ここから2つプロジェクトの説明が始まるのですが、そこでは空間をつくること以外のことを考えて、社会問題と言ってしまうと大きくなってしまいますが、建築が今できていないこと、たとえば鬱になってしまう子供がいることに対して建築が何もできていなかったり、若者が街にゴミが捨てたり我が物顔で振舞っていることに、建築が何もできていないと感じています。僕はそのときに、建築にこのような問題をどうにかするためのボキャブラリーが足りないのだと思っていて、そうであれば快適な空間をつくること以外のことをするために建築が扱えるボキャブラリーを発見していかなければいけないのだと感じています。
平沼:
では、プロジェクトの紹介をお願いします。
香川:

はい。「地面と屋根の家」というタイトルです。つい最近竣工した建物ですが、大阪の茨木市に建っています。茨木市は、大阪と京都の間に位置していますが、敷地は幹線道路から一区画入ったところにあり、幹線道路は車が行き交って賑わっていますが、一区画入ると静かなところです。敷地の右側にはマンションが建っていますが、こちらが近隣商業地域なので、大きい建物も建っています。道路から20mは近隣商業地域にあたるので、この敷地も実は近隣商業地域に属している場所です。その中でこのような住宅をつくりました。この敷地境界で、近隣商業地域と住居地域が分かれているので、隣の建物よりも高く建てることができるのですが、この高さを利用して、環境や太陽の光を取り込んだ住宅をつくりたいと考えていました。お施主さんは初めはソーラーパネルを希望されていたのですが、ソーラーは蓄電ができないので、あまり住宅には向いていないということが分かったので、それ以外の方法で環境技術への提案になるような建物をつくりたいと考えていました。

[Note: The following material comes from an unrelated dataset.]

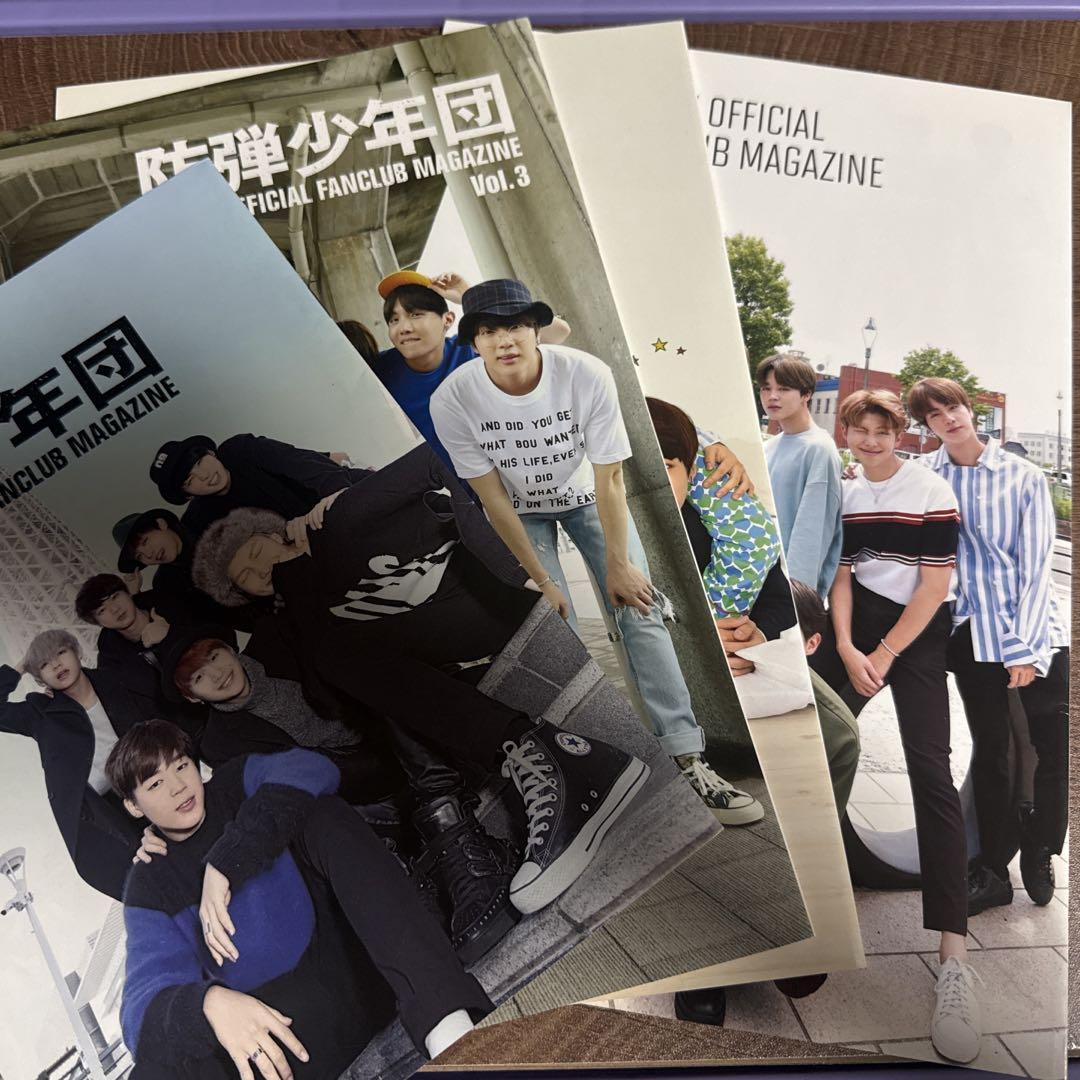 

[БУВШИЙ У ВЖИВАННІ] Інформаційний бюлетень фан-клубу BTS вип.2-10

1階の天井高は6mあって、2階が2.1mしかない建物です。T字路の突き当たりなのですが、周りがそれなりに開けているところで、住宅の前方には青空駐車場が広がっており、住宅が建つ環境としては、前に建物が建たないというのはすごく良い状況だったので、1階にリビングをつくることは当初から考えていました。ただし、住宅密集地なので1階にリビングをつくると太陽光を入れられなくなってしまいます。
南側にちょうど建物が建っているので、採光が難しいのではないかと思っていましたが、南側からどのように採光するのかと考えたときに、OMソーラーなどでは屋根で太陽光を集めて機械で床下に持っていって、床から出すというシステムなのですが、これが意味していることは、住宅密集地では必ず屋根面からなら光は採り入れられるということです。
この住宅は敷地の特殊な性格があったので、屋根越しに南側の大きい窓から採光すると、1階まで光を入れることができます。そのままだとどうも床面には当たらないので、太陽光を受け取るためにこういったコンクリートでつくった丘をつくりました。そうすると1階でも直接太陽光を受光することができると考えました。
コンクリートは熱容量が高いので、熱しにくく冷めにくい特性を持っています。一度暖まるとなかなか冷えないが、一度冷えるとなかなか暖かくならないんです。なので、布で覆っておくと太陽の熱をずっとためておいてくれます。冬と夏の温熱環境のダイアグラムです。冬場の太陽光の角度と軒の高さの関係から丘の高さが決まっているのですが、ここで太陽光が蓄電されて暖かい状態が続いていきます。こちらは丸いところから噴き出している空調があるのと、あとは暑い空気は上にどんどん流れていくので、上に天井扇を取り付けて空気の対流が起こるようにしています。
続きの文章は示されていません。